Depending on the negative sampling parameter, the training set can also have more pairs, where the second word is chosen at random.

See section 2 of another paper of Mikolov et al https://arxiv.org/pdf/1310.4546.pdf and the original source code https://code.google.com/archive/p/word2vec/.

Edit:

OK, I've looked at the paper and the code I suggested above. I think they contain all the information to correctly answer your question.

My (wrong) answer above was based on a simplification of the method. Actually softmax is only discussed as a simpler and slower alternative to hierarchical softmax. Pure softmax over all dictionary words does not seem to be used in the original word2vec implementation.

I think the correct answer is that Skip-gram learns to maximize the log-likelihood of the "Hierarchical Softmax" probability given in formula (3) of the paper (which I gave a link to) over the pairs of nearby words.
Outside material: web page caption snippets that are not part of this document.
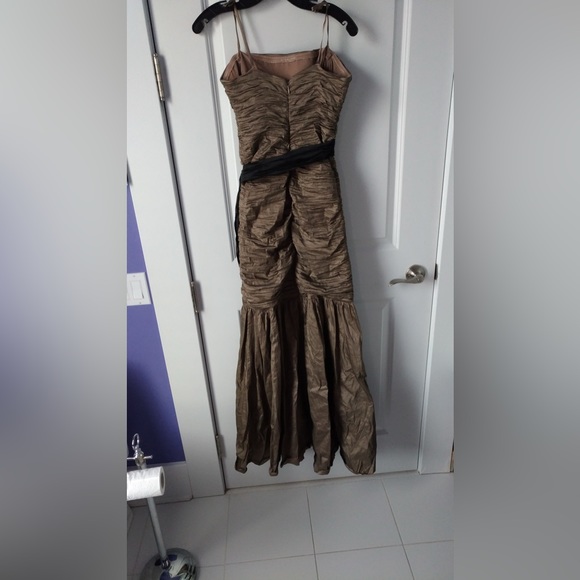 EUC BCBGMaxazria Strapless Mermaid Dress - Picture 2 of 3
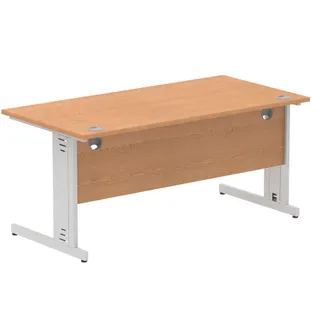 Impulse Straight Desk Cable Managed Leg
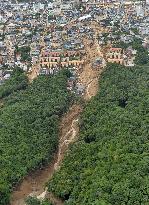 Flooding, landslides hit Hiroshima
For a single data point the "Hierarchical Softmax" loss can be expressed as a sum of terms over nodes on the tree path leading from the root to the center word. Each of those terms looks like ordinary log loss (binary cross entropy), as in your item 4., but because the summing over the path in a tree, overall it is certainly more complicated than your 4.

If negative sampling is turned on, the method just adds (4) from the paper to the loss. This would be almost exactly like your item 4.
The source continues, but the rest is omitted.